Then into the fridge under serving pressure where it conditions for about a week before I start to drink (though I do taste it before the week is up)

I thought priming a keg would take longer than a week, but I guess depends on a lot of variables.

cheers, jt
Yeah me too, I just gas it up. no need at all to prime in the keg, in fact you'll just create more yeasty muck on the bottom.
Having said that a lot of people swear that the taste from forced carbonation is different to natural, I call bollocks. Surely co2 is co2 is co2.
If you want to be drinking quicker, leave it on 40psi for a day and a half (scientific eh!) and then return to serving pressure. Day 3 start drinking. Disclaimer: do this once you have some experience with kegging, otherwise you'll end up overcarbonating which is a pain to correct.
Or even quicker, charge to 40psi and invert the keg, or hook the gas line up to the beer out post - so the gas goes down the dip tube to the bottom of the keg - rock the keg for 2 minutes. Leave for an hour, burp, hook up at usual serving pressure and drink. If undercarbonated, repeat. You can have drinkable beer the same day.
Priming would need some calculation - Volume, FG, temperature, volumes of co2 required etc etc to be accurate wouldn't it - like bulk priming ?
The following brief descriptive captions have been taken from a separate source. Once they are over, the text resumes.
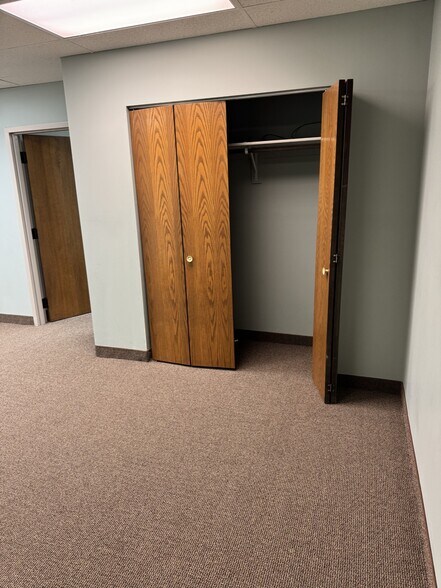 1530 Greenview Dr SW, Rochester, MN à louer - Photo du bâtiment - Image 3 de 8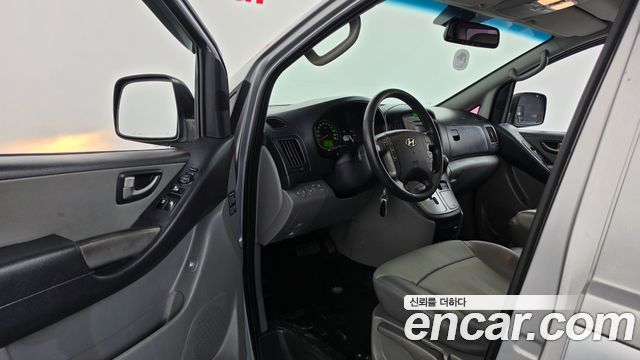 Hyundai Starex 2012 — photo 10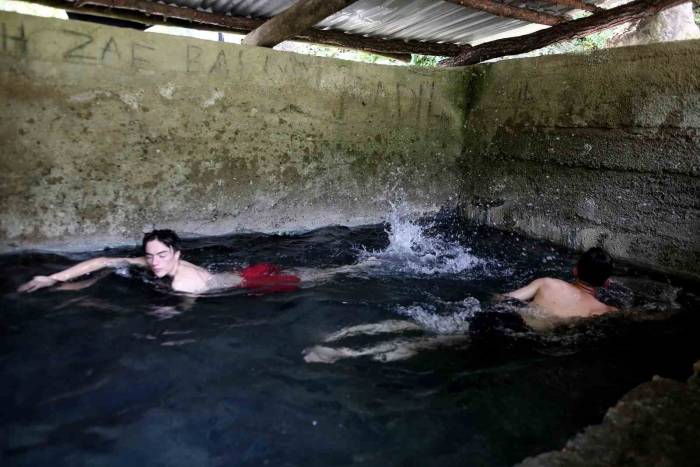 Bir Yanda Uludağ’ın Buz Gibi Suyu, Diğer Yanda 40 Derece Kaplıca Hamamı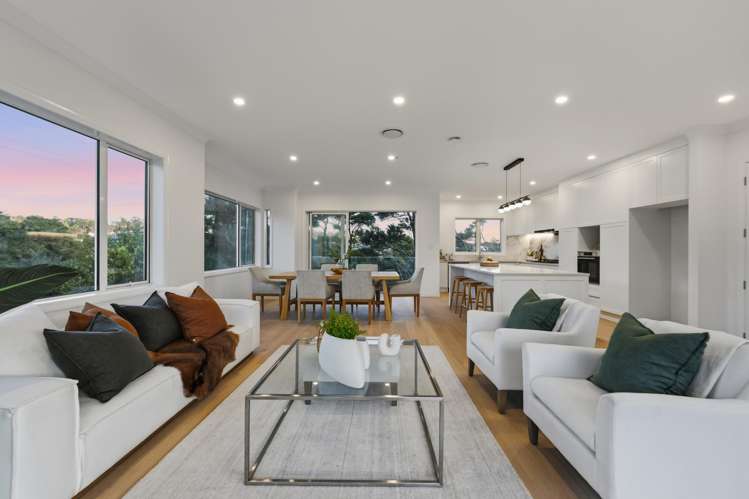 5 Lucas Creek View Way_3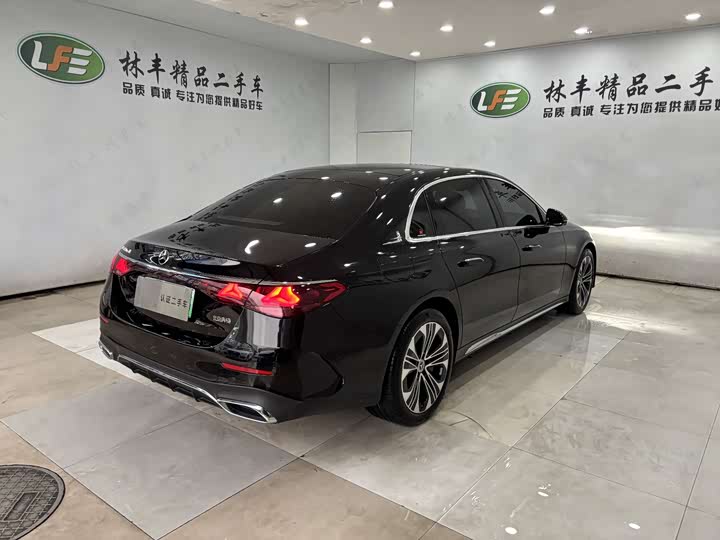 Mercedes-Benz E-Class Hybrid 2024 2024款 E 350 e L 插电式混合动力运动轿车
The yeast from that conditioning supposedly gets poured in the first few pints - but never having tried it cant vouch for it.

I vote for carbonating and conditioning at serving pressure, you can't overcarbonate. After many weeks of problems and pints of froth when I started kegging (ok, dodgey fridge in the equation too) I wouldn't go any other way.

cheers, jt
What I do as well.

So much easier, no fiddling with regulators, overcarbing and such. Set and forget.
"...Having said that a lot of people swear that the taste from forced carbonation is different to natural, I call bollocks. Surely co2 is co2 is co2..."
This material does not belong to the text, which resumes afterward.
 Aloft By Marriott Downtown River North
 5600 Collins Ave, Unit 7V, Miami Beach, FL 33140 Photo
Maybe something to do with the extra fermentation byproducts etc? I've heard that natural carb creates smaller bubbles too. But it doesn't really worry me. I did it for the first couple of kegs cause I had a problem with my fridge.
I guess the test is "what's the beer like Ben ?"
cheers for the feedback,
my reasoning behind priming the keg is that the fermentation should soak up any diacetyl and/or acetaldehyde that might be produced due to oxidation during the racking. not sure if this is significant in practice though?
jt - the beer is looking alright, it took a couple of glasses to remove the 'mud' at the bottom though. It is still quite hazy but it has only been in the fridge a couple of days.
I think the next one I will forget the priming and throw it straight in the fridge to carb.
on that, does anyone else go straight to keg from the primary fermenter? if so how long do you typically wait after fermentation is complete, if not how long are you leaving it in the secondary?
thanks for the help.
I never secondary. Ever. Ales go into the keg straight from primary after 10 days minimum. Unless I'm out of beer (like right now) in which case it'll be in the keg asap, 7 days or so and force carbed to drink as soon as I can.
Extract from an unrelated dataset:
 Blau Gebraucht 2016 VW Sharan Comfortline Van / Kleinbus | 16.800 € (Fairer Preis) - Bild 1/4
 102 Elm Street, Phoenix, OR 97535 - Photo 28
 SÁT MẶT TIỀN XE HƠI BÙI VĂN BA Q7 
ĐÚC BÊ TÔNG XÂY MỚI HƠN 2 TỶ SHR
Leave ales in the primary, at correct temperature until fermentation is complete, then at room temperature for the remaining up to 10-14 days total, that'll scrub out any diacetal or acetalaldehyde. Then get it into the keg and drink it.
I agree Barry. It's the Way of Zainasheff! How can it be wrong? ;)
Disaster has struck!, my keg fridge which sits in the carport, had the door blown open by the wind this morning, somehow knocking the tap open. I came home from to find the tap spitting co2 and a puddle of yeast on the concrete, sickening..
I'd be drinkin away my sorrows but Ive got no beer, except one in the primary just finished fermenting,.. but I haven't sunk that low since uni.
i'll be fastracking this one for sure.
truly gutting though, hope no one else has ever had this happen.
Thats bloody terrible. Commiserations.
Maybe the Temperance League are active in your neighbourhood ?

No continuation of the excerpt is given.